▸ What you will do
Reproduce exactly the span of lines beginning at the one with "聚力节能减排 | 批量三一电动重卡于日照上牌运营 - 第1张 - 提加商用车网" and ending at the last line of the data below, omitting pictures.

▸ Source data

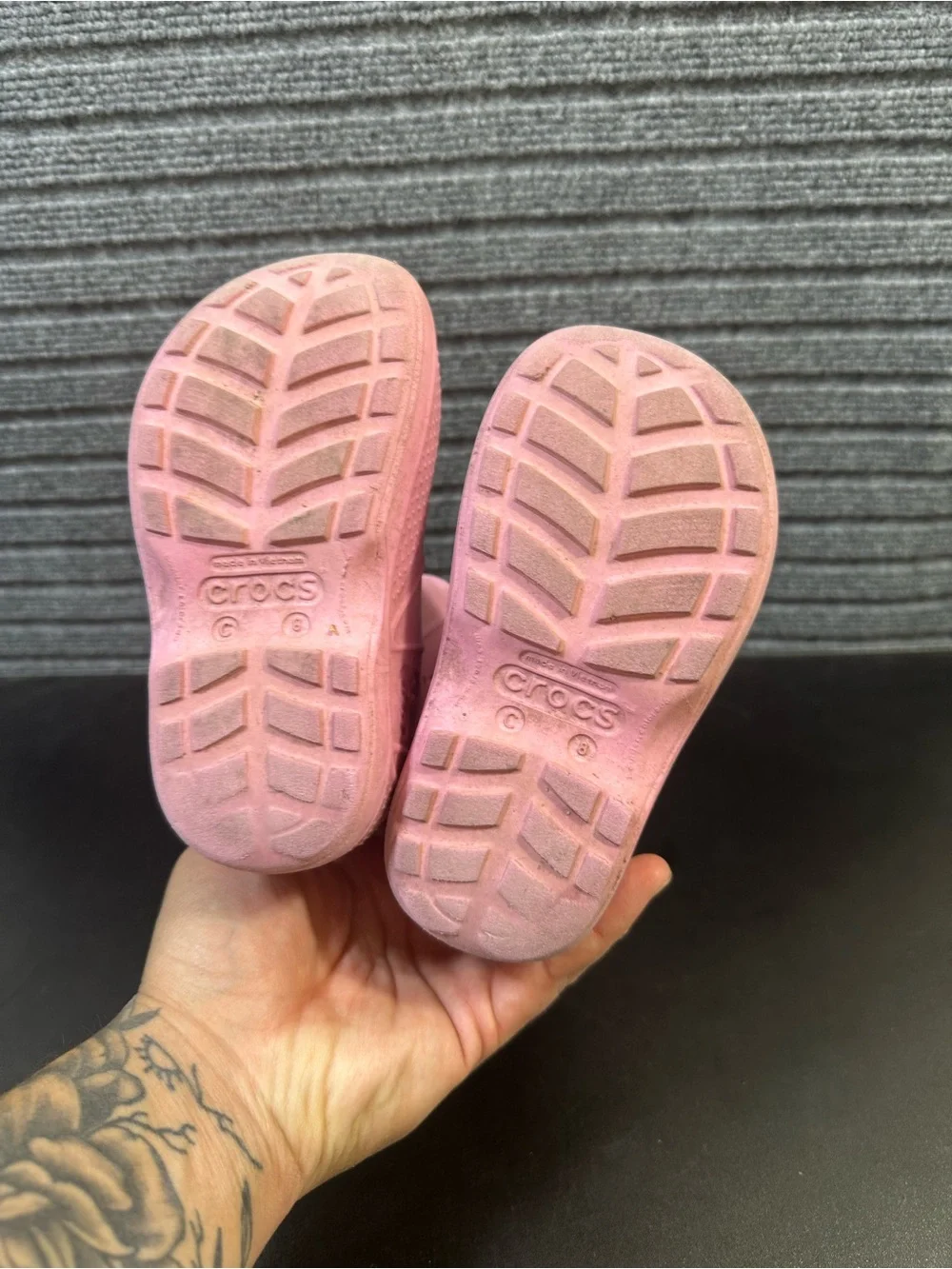 CROCS handle it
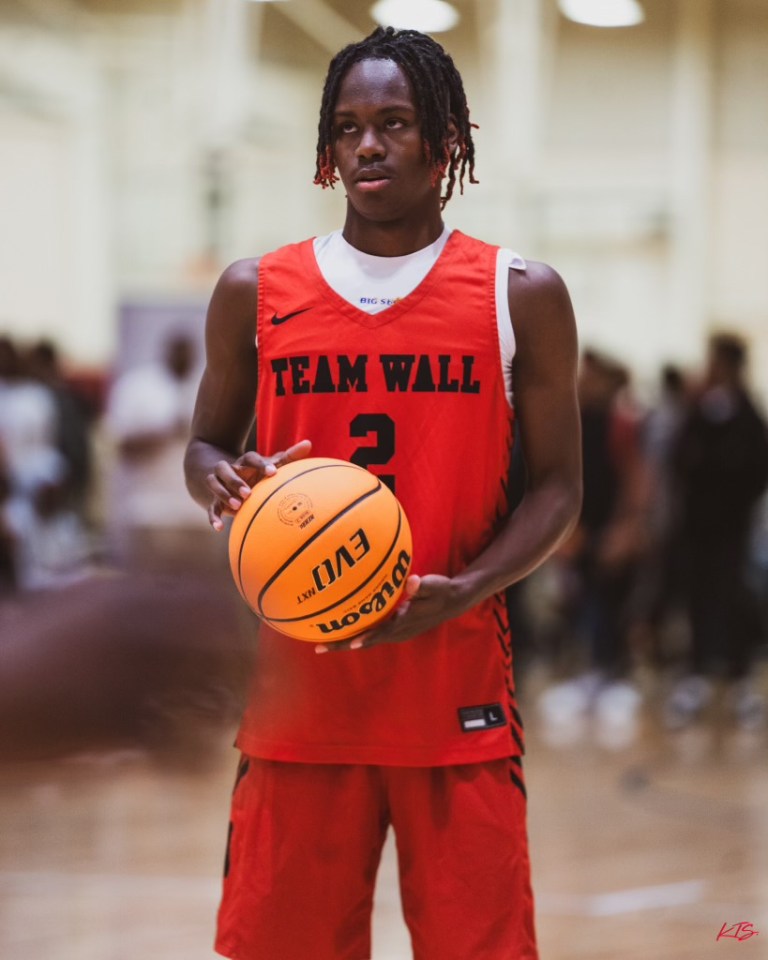 Dominique Holsey Jr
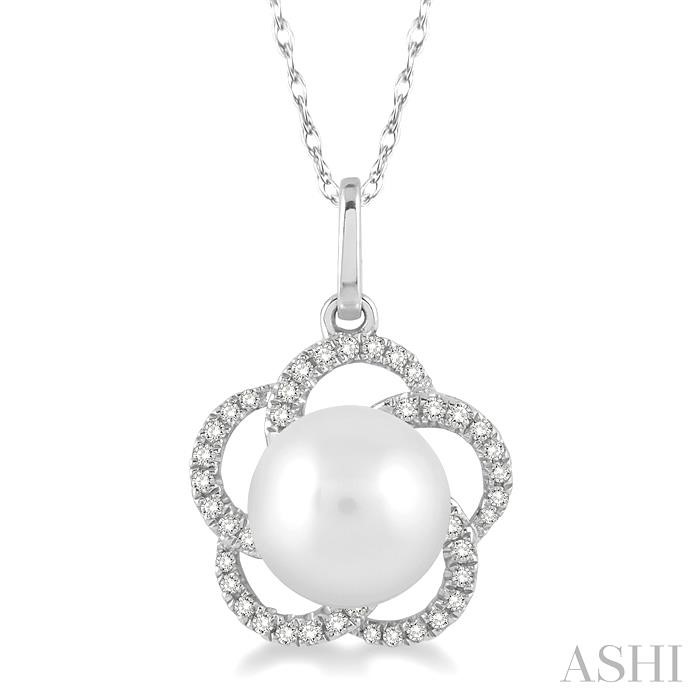 FLOWER SHAPE PEARL & DIAMOND PENDANT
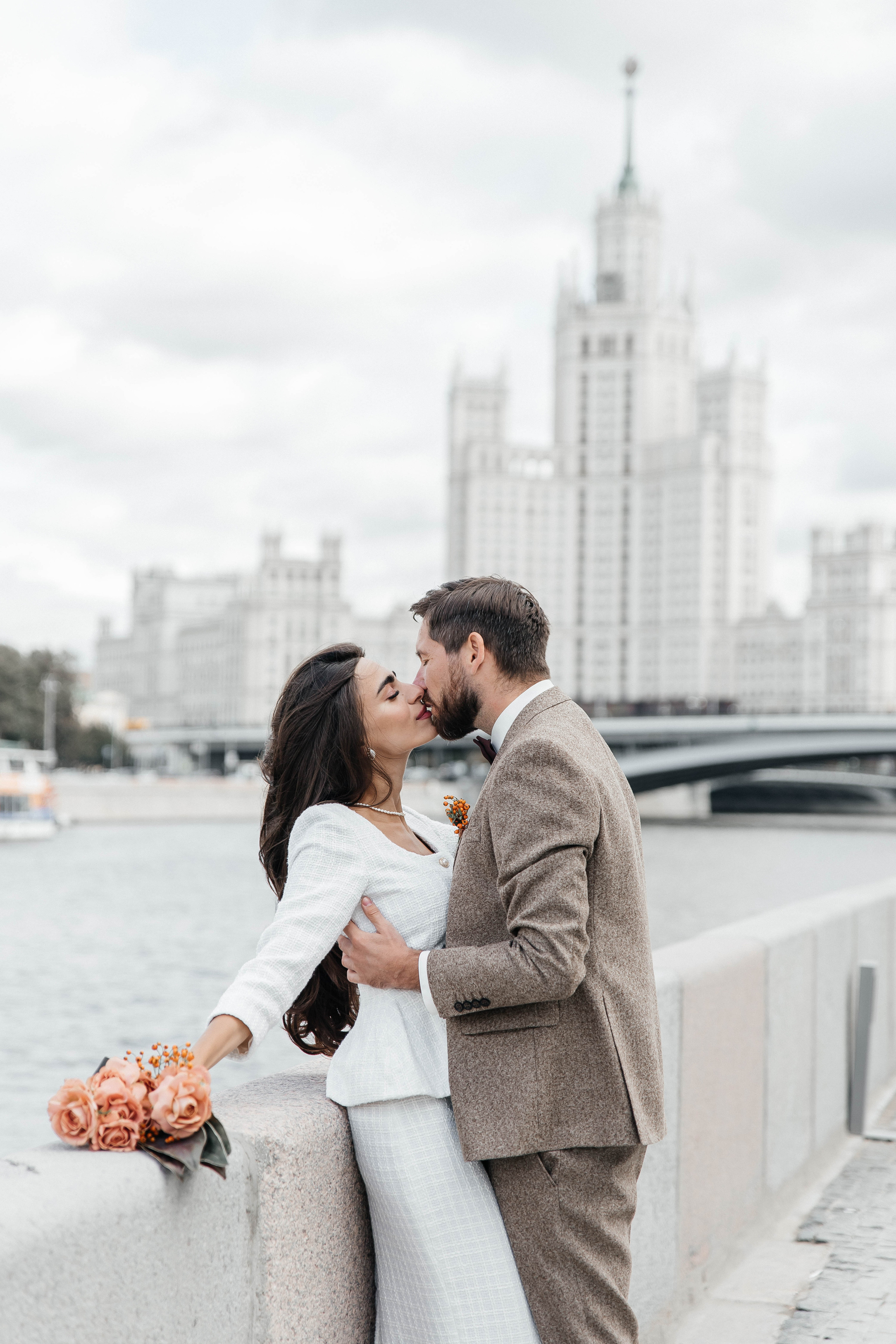Стильная свадебная фотосессия. Свадебный и семейный фотограф в Москве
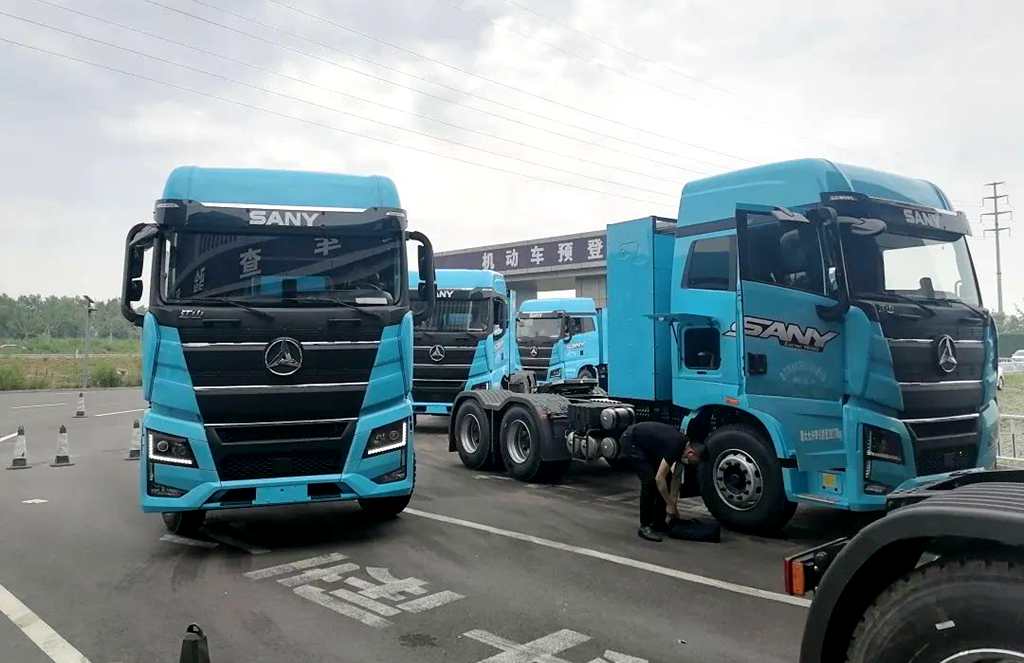 聚力节能减排 | 批量三一电动重卡于日照上牌运营 - 第1张 - 提加商用车网 聚力节能减排 | 批量三一电动重卡于日照上牌运营 - 第1张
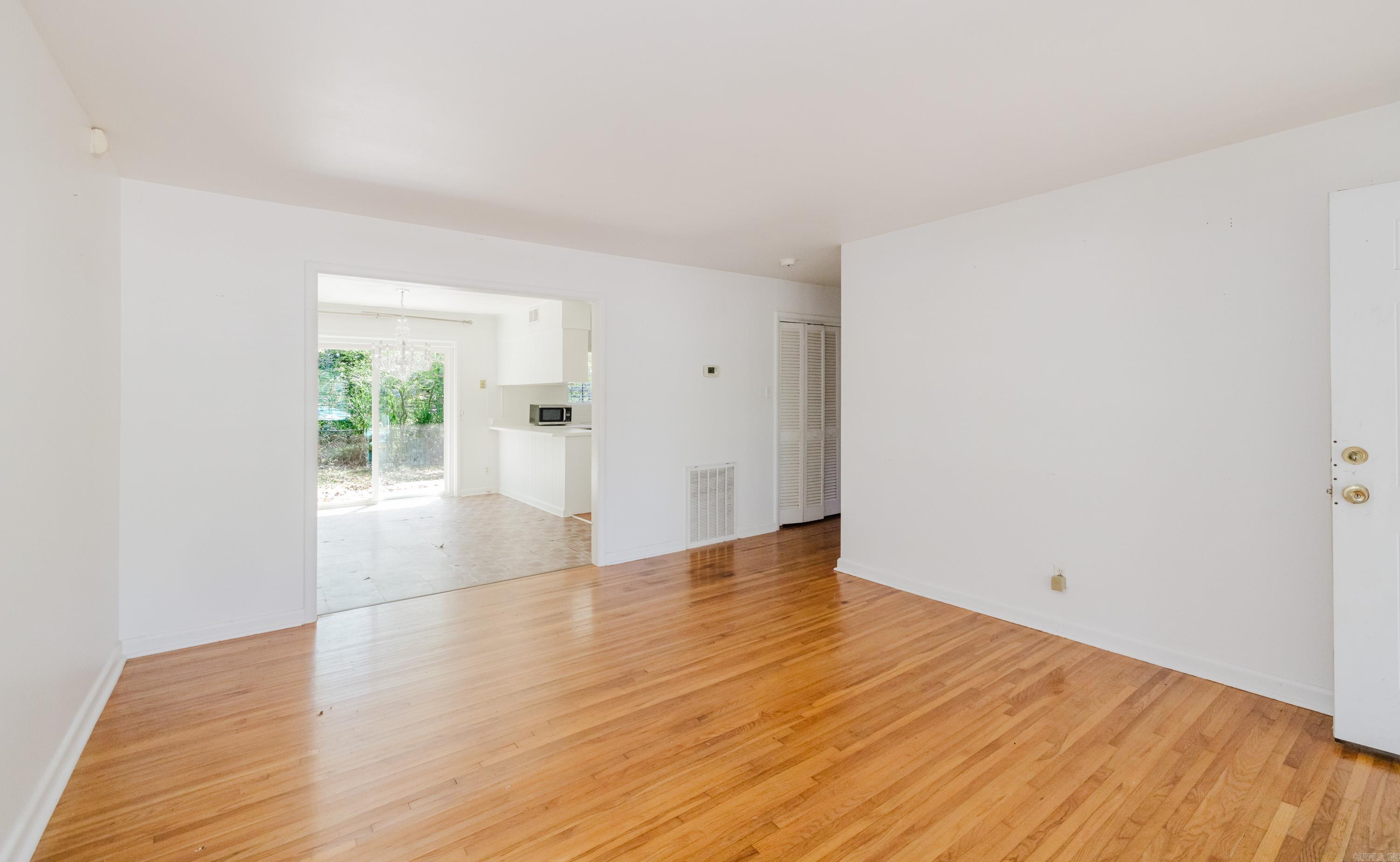 7821 Illinois Street — photo 2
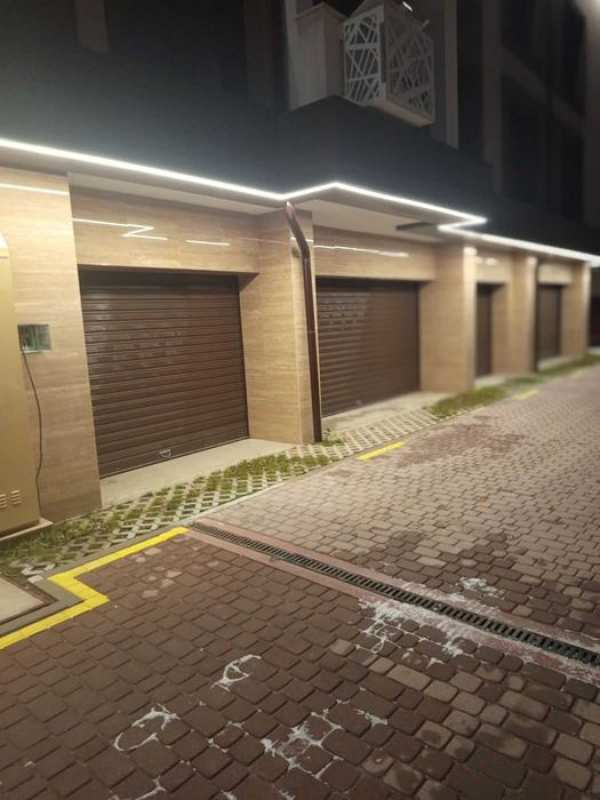 Гараж-партер, Люлин 9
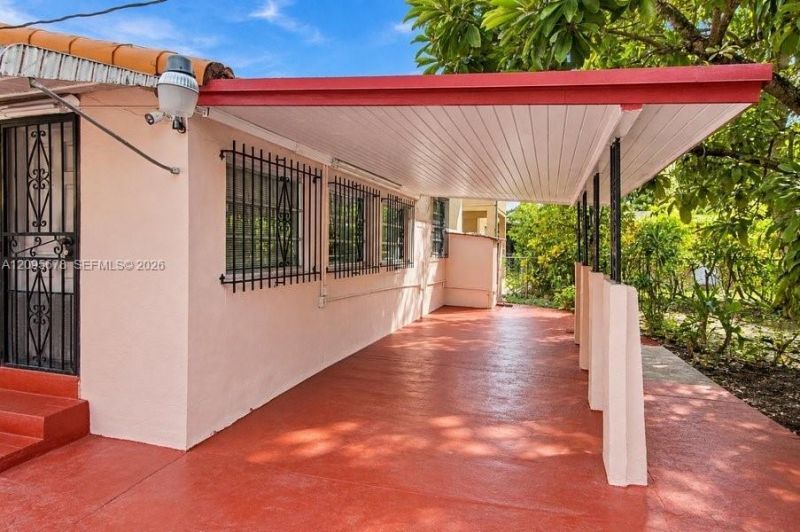 2428 SW 12th St, Miami, FL 33135 Photo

▸ Response area
 聚力节能减排 | 批量三一电动重卡于日照上牌运营 - 第1张 - 提加商用车网 聚力节能减排 | 批量三一电动重卡于日照上牌运营 - 第1张
 7821 Illinois Street — photo 2
 Гараж-партер, Люлин 9
 2428 SW 12th St, Miami, FL 33135 Photo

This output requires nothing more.